Collected data:
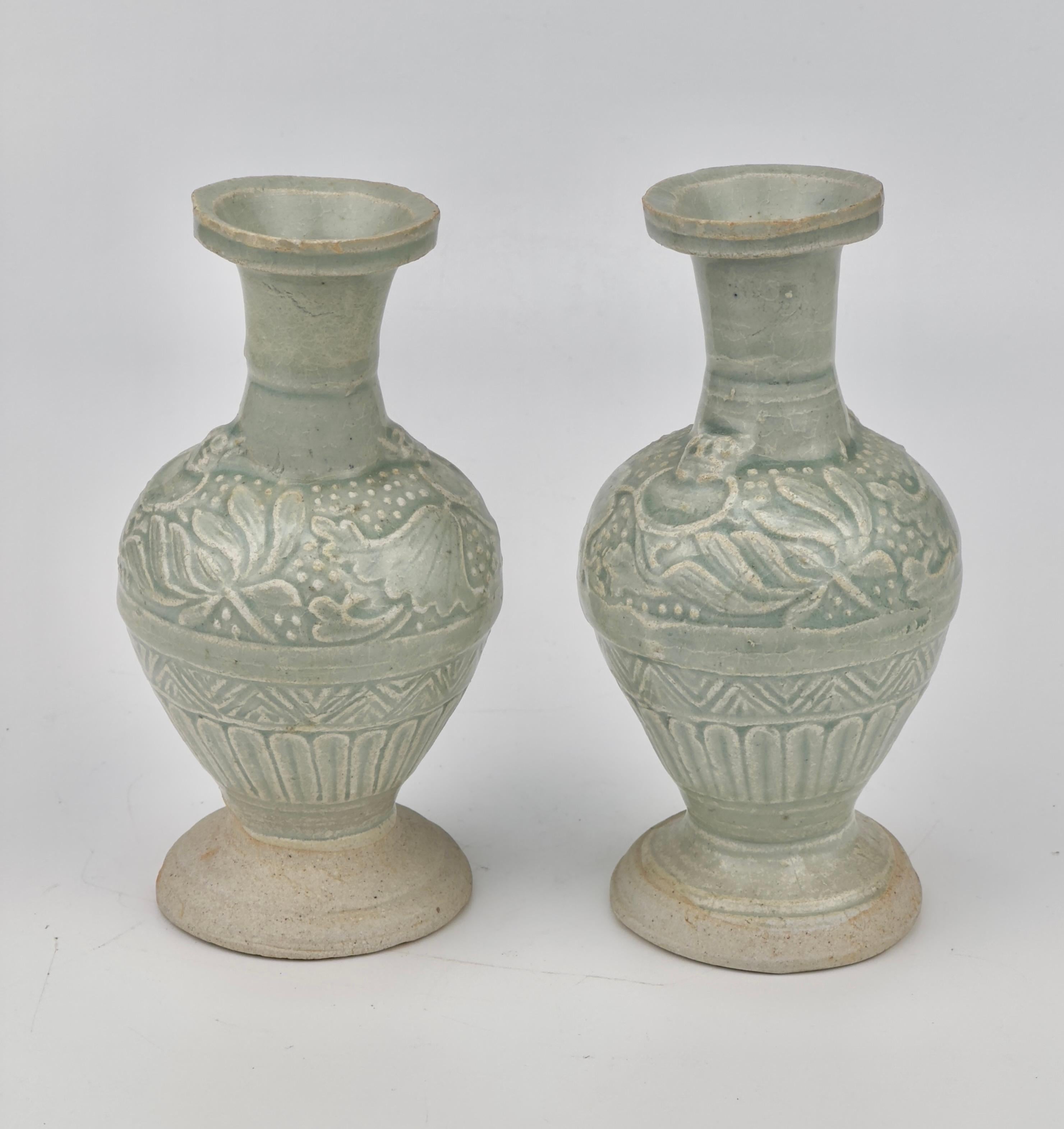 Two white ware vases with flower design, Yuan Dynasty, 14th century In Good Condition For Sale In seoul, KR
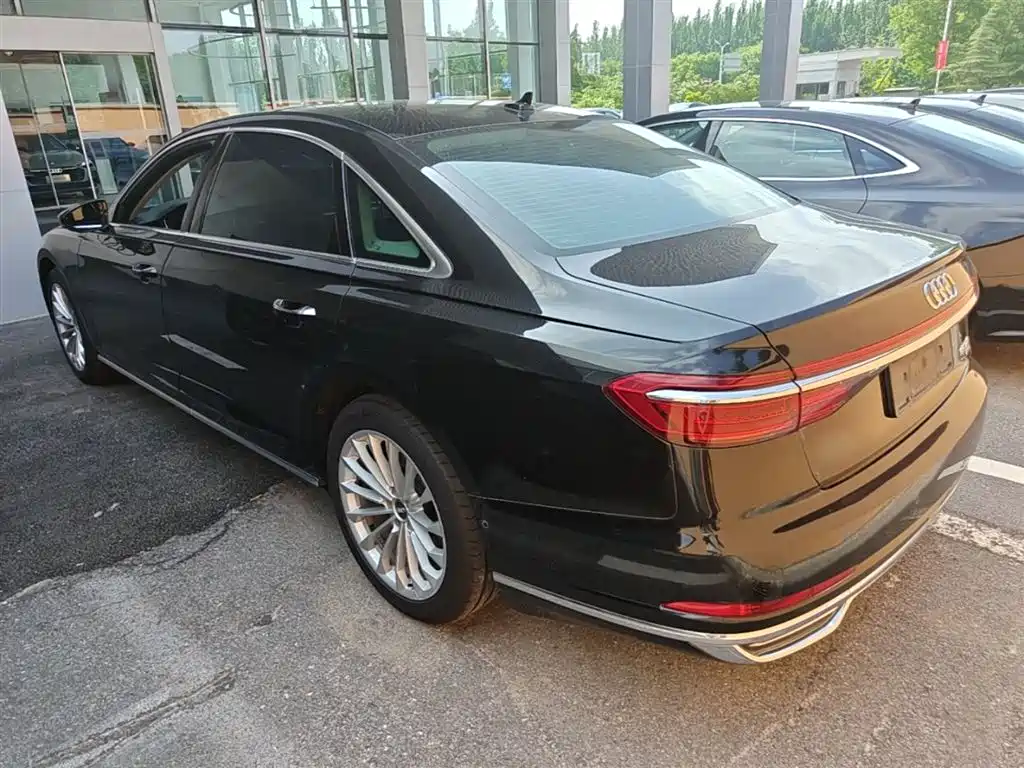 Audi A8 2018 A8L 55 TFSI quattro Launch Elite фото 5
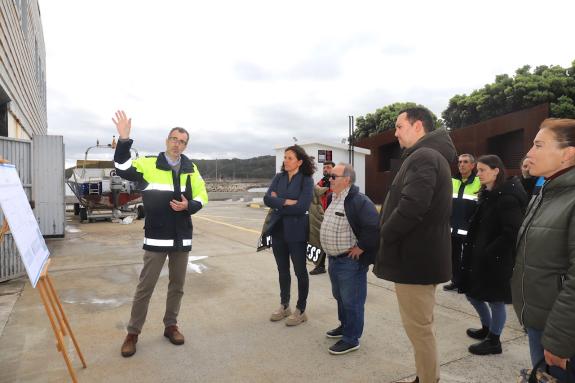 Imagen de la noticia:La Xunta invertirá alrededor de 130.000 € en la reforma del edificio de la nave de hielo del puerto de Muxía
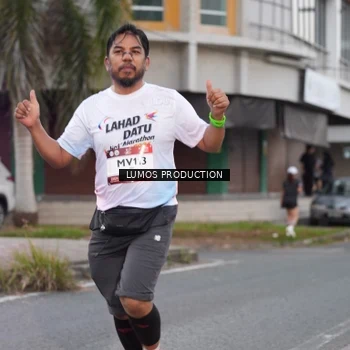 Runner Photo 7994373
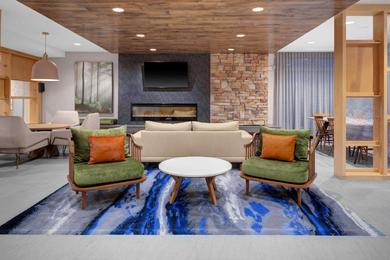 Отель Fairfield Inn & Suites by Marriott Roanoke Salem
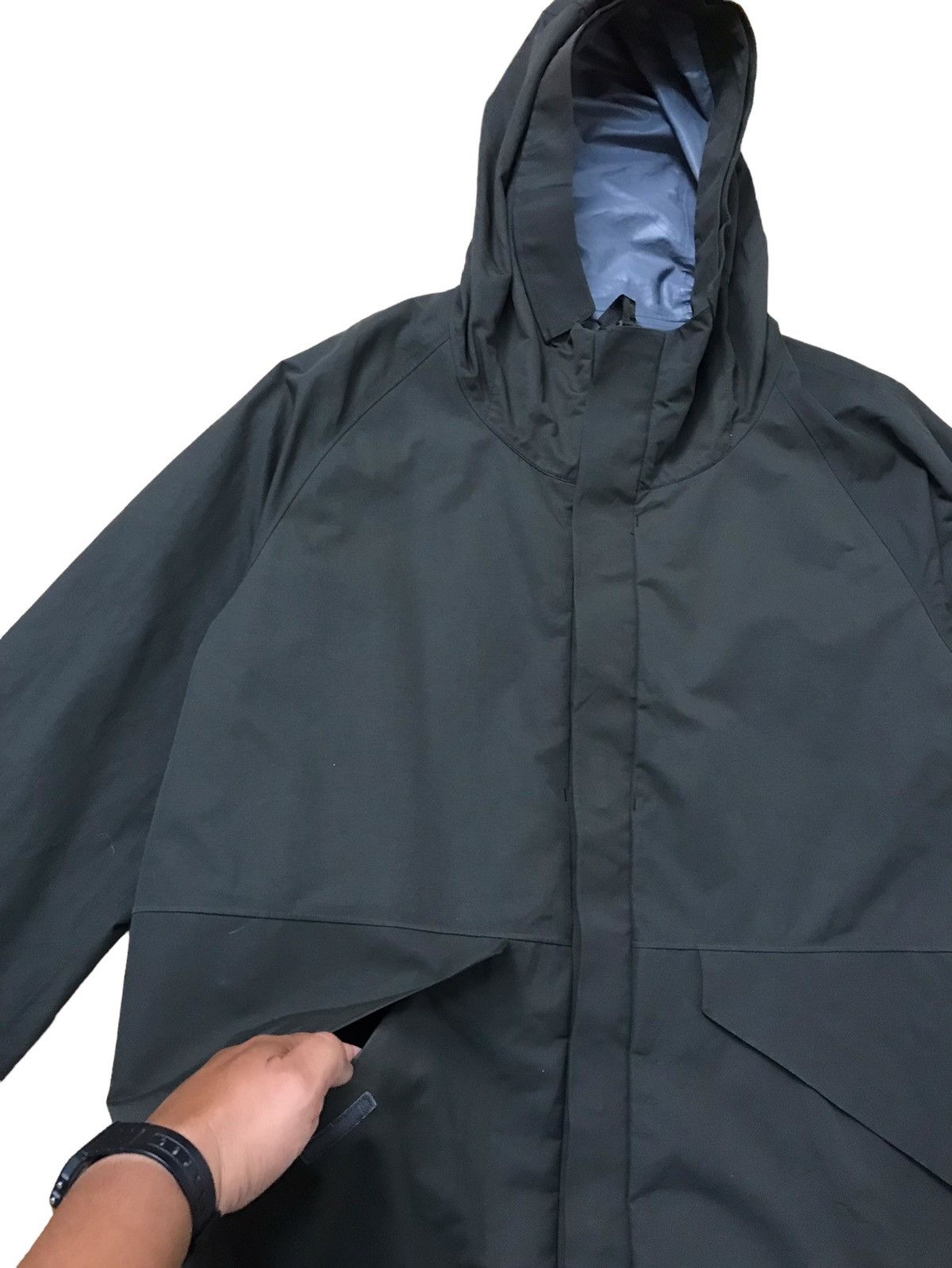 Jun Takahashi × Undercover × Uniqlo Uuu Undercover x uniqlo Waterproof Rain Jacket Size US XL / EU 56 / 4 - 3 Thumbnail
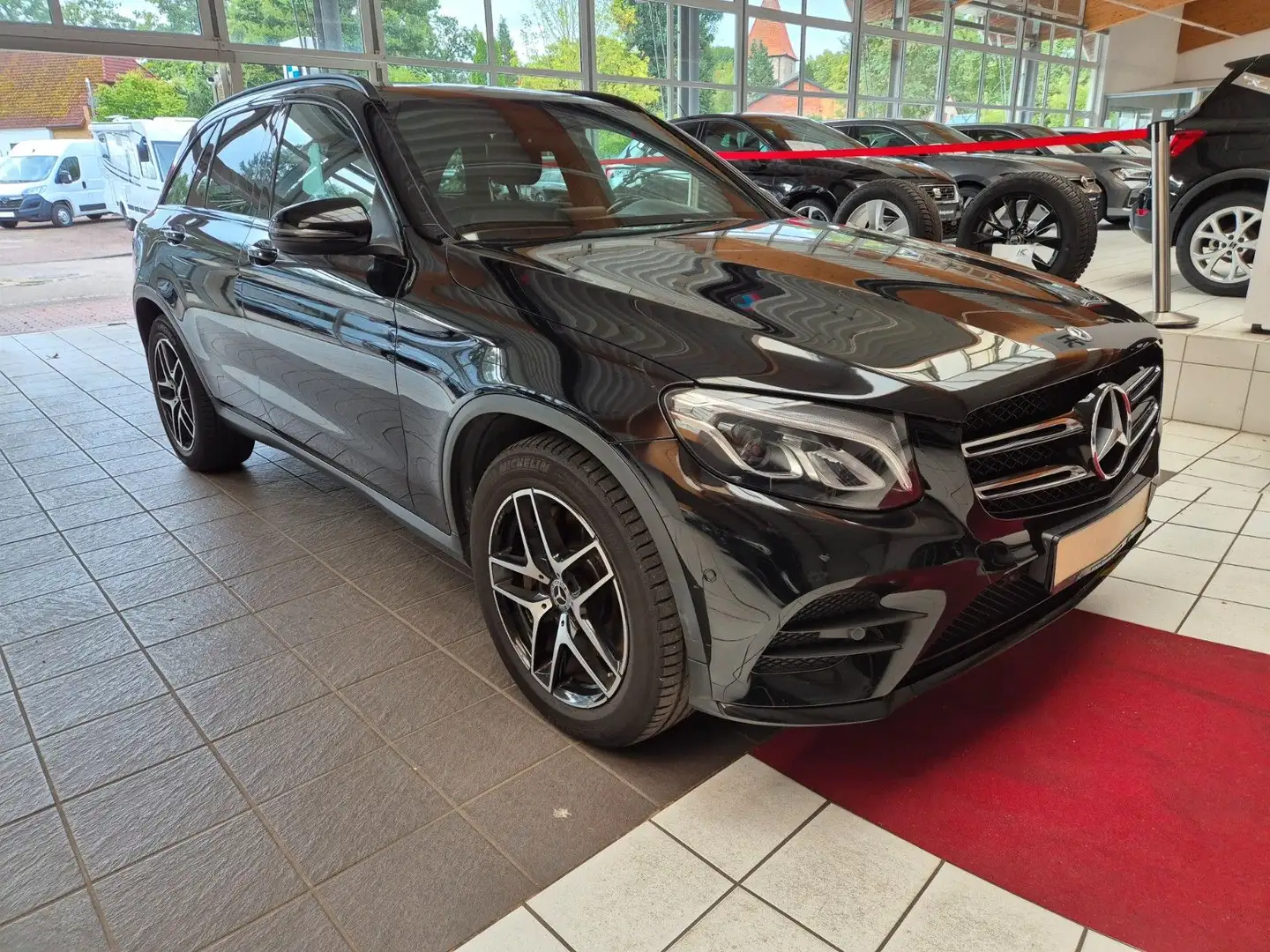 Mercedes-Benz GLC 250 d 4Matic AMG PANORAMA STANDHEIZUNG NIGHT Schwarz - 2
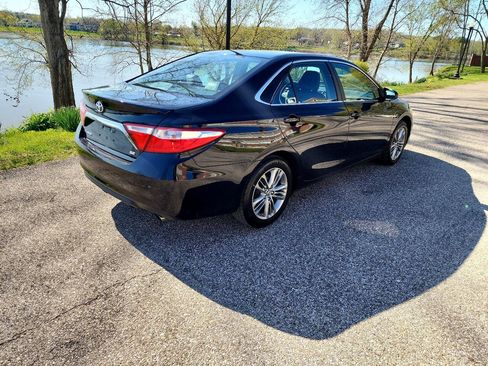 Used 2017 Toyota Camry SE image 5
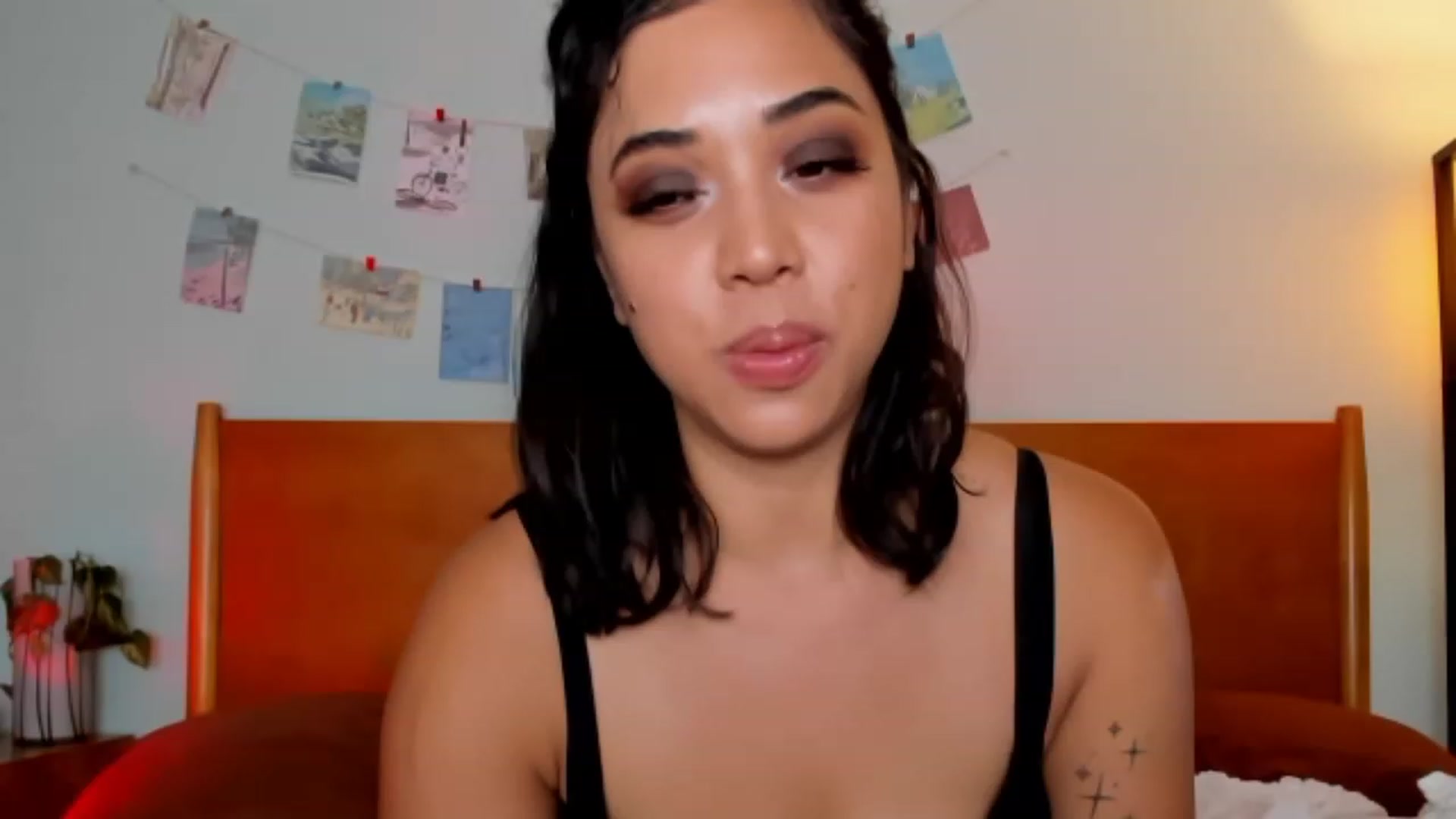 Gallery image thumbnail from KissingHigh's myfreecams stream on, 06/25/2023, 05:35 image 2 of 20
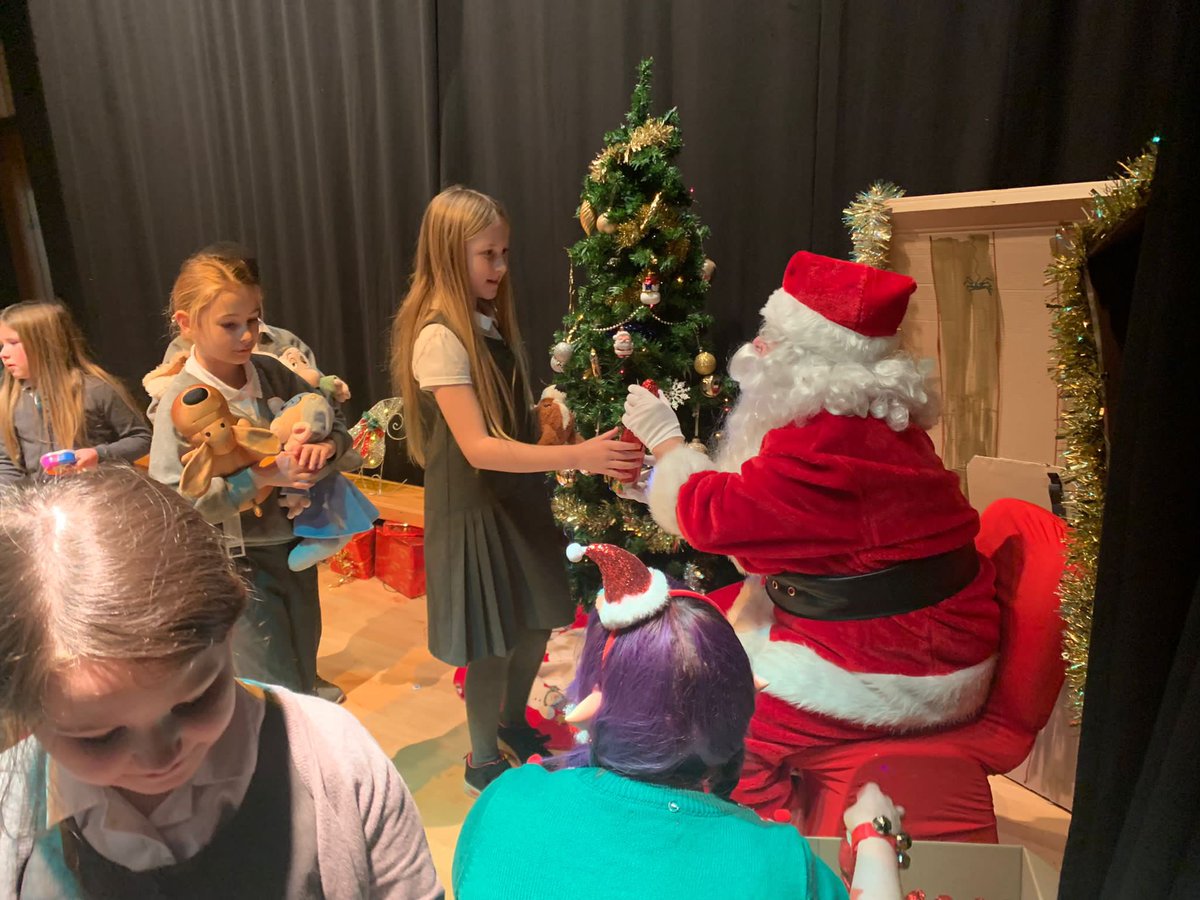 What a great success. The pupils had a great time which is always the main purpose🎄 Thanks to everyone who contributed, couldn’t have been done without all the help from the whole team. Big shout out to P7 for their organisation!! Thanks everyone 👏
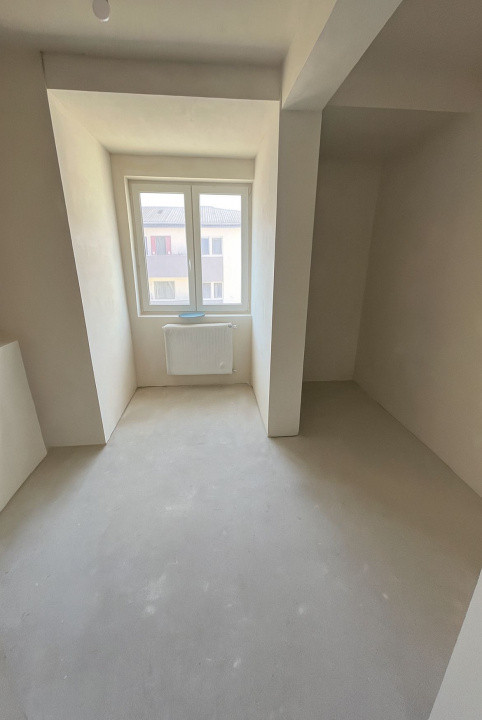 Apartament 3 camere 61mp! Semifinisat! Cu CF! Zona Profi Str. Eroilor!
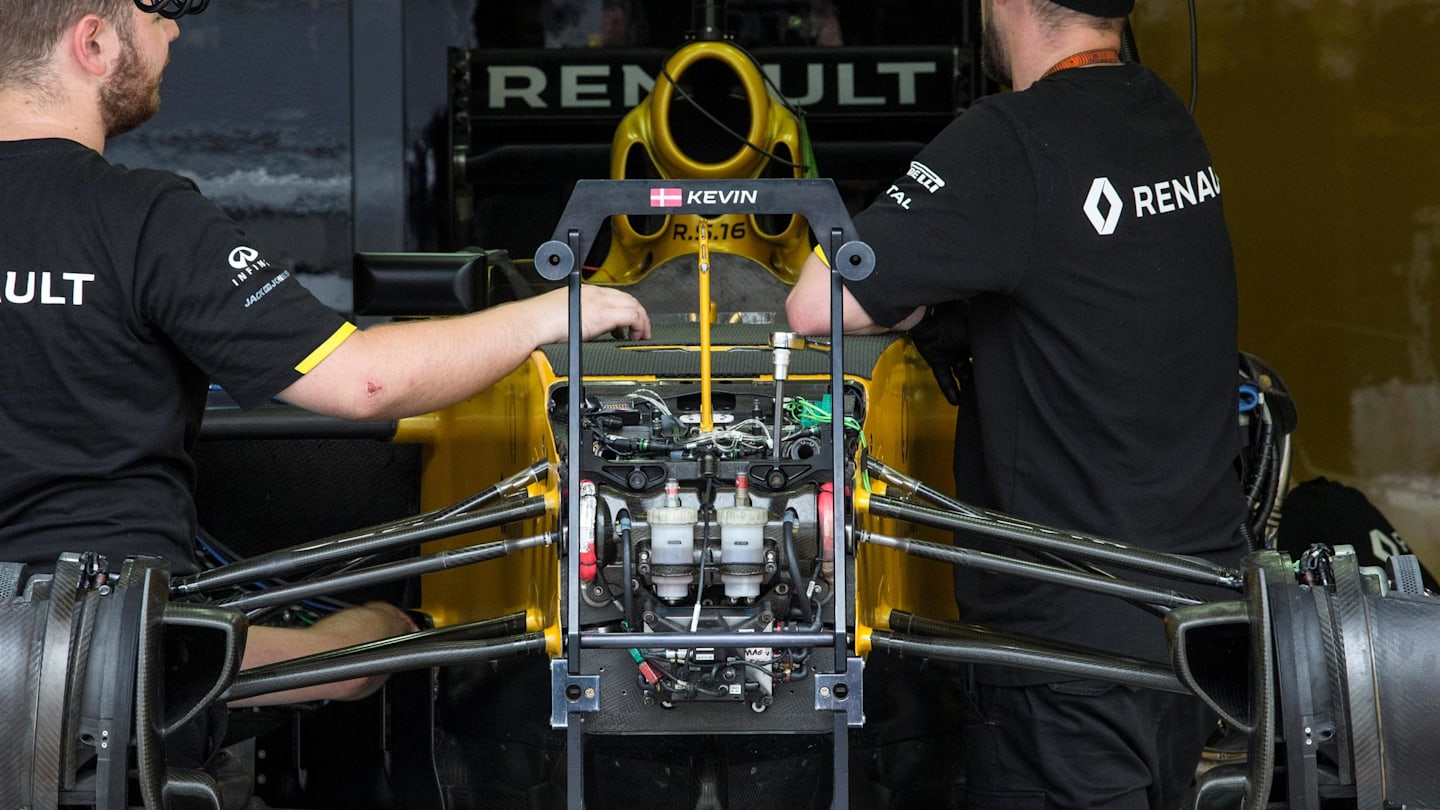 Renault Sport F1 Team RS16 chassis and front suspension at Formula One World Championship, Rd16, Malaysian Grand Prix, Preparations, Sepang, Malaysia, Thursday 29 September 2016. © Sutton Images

▸ What you need to do: Nothing except the lines from the one containing "Отель Fairfield Inn" through the one containing "Gallery image thumbnail" should appear in the answer, exactly as above and without pictures.

▸ Task result:
 Отель Fairfield Inn & Suites by Marriott Roanoke Salem
 Jun Takahashi × Undercover × Uniqlo Uuu Undercover x uniqlo Waterproof Rain Jacket Size US XL / EU 56 / 4 - 3 Thumbnail
 Mercedes-Benz GLC 250 d 4Matic AMG PANORAMA STANDHEIZUNG NIGHT Schwarz - 2
 Used 2017 Toyota Camry SE image 5
 Gallery image thumbnail from KissingHigh's myfreecams stream on, 06/25/2023, 05:35 image 2 of 20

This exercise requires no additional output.